KDDI(au)は2019年5月15日、2022年3月期を最終年度とした新しい中期経営計画を発表し、コマースやエネルギー、金融などで構成するライフデザイン領域の売上高を3年後に約1.6倍の1兆5000億円に拡大させる目標を打ち出した。今後3年間で約1000億円のコスト削減も進め、「持続的な利益成長を目指す」(高橋誠社長)とした。

 今後の事業戦略としては、「5G時代に向けたイノベーションの創出」「通信とライフデザインの融合」「グローバル事業のさらなる拡大」「ビッグデータの活用」「金融事業の拡大」などを挙げた。2020年3月に商用サービスを開始する5Gは「いち早く基地局展開を進め、優位性を確保していく」(高橋社長)考え。

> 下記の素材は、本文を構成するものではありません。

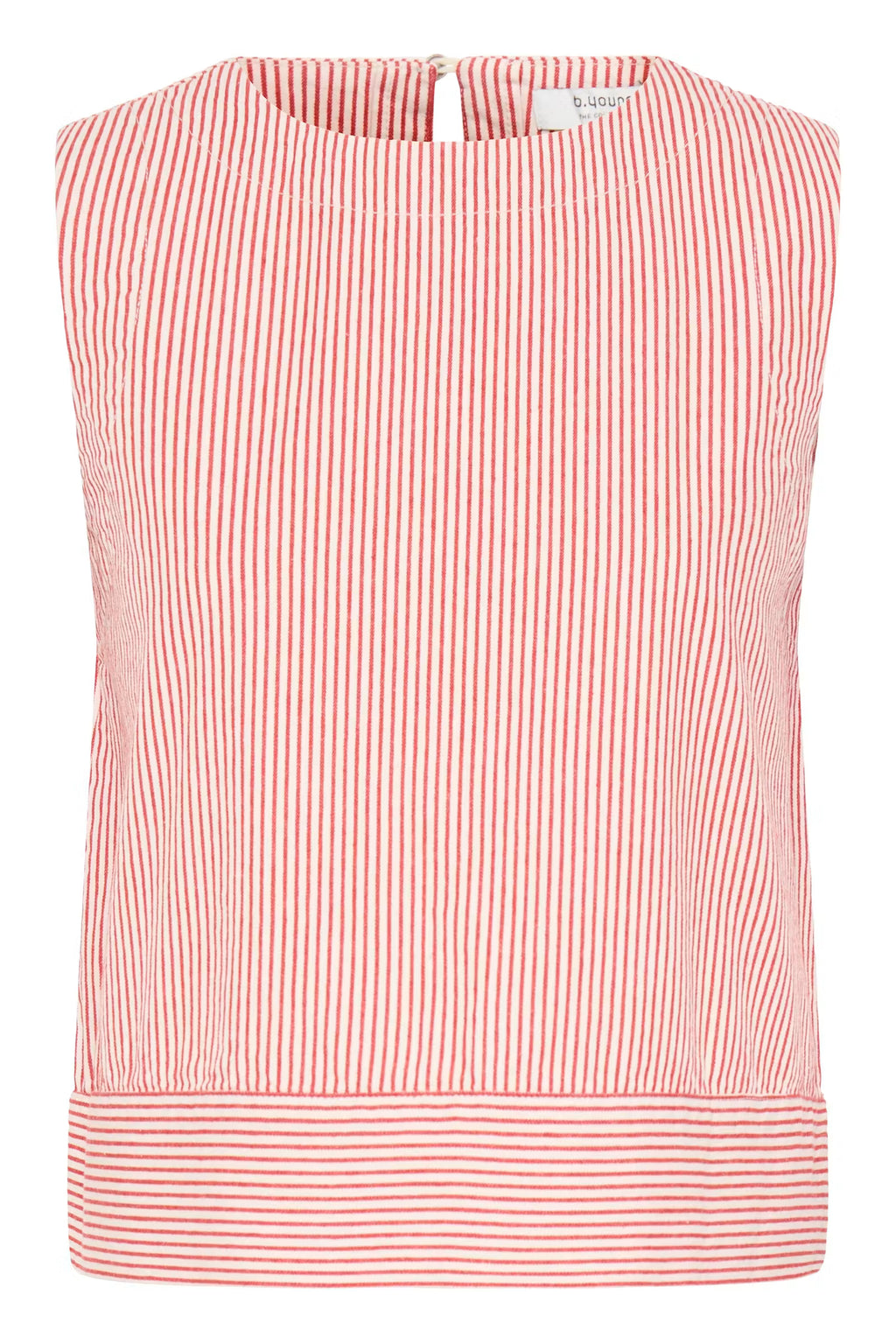 Bylaro Top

 今後の成長源となるライフデザイン領域は、「ライフデザイン版スマートバリュー」として、携帯電話とのバンドル利用をコマースやエネルギー、金融などに広げていく。コマースは流通額を2022年3月期に4000億円(2019年3月期は2500億円)、エネルギーは「auでんき」の契約数を同340万件(同200万件超)、金融は決済・金融取扱高を同6兆円(同4兆4000億円)とする目標などを掲げた。2022年3月期における売上高と営業利益の具体的な数値は示さなかった。

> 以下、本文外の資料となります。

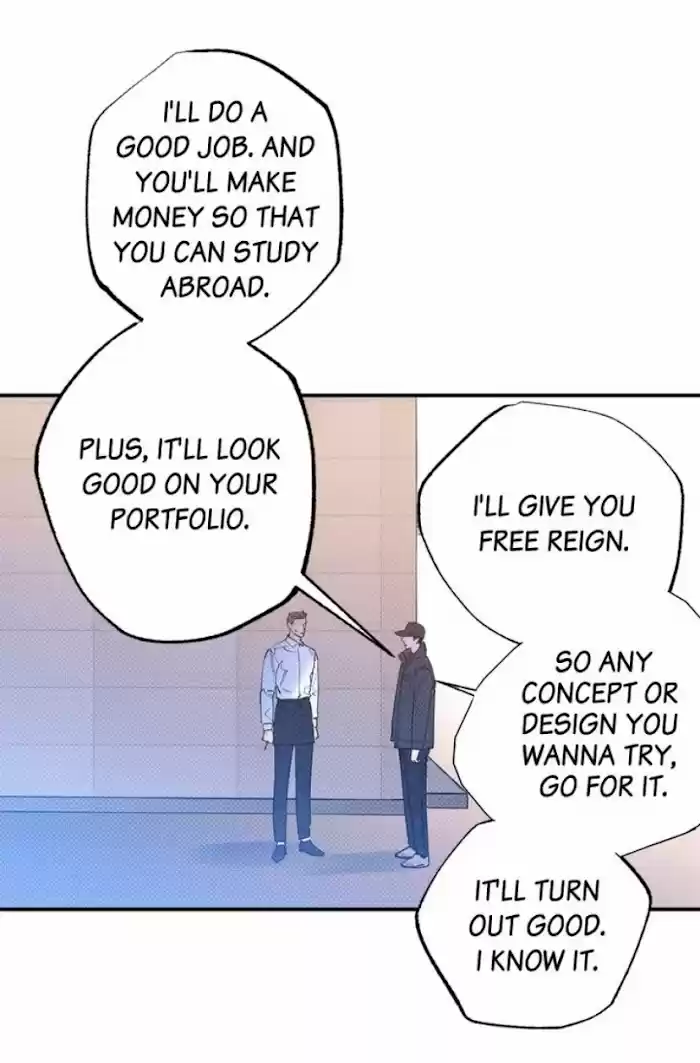 Semantic Error Chapter 29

ライフデザイン領域の売上高は3年後に約1.6倍の1兆5000億円に拡大へ
[画像のクリックで拡大表示]

 同日、発表した2019年3月期連結決算(国際会計基準)は売上高が前期比0.8%増の5兆803億円、営業利益が同5.3%増の1兆137億円と、増収増益だった。主力の携帯電話事業をはじめ、法人向け事業やグローバル事業も営業利益が拡大した。営業利益が1兆円を突破したのは初めて。2020年3月期の通期業績予想は売上高が前期比2.4%増の5兆2000億円、営業利益が同0.6%増の1兆200億円とした。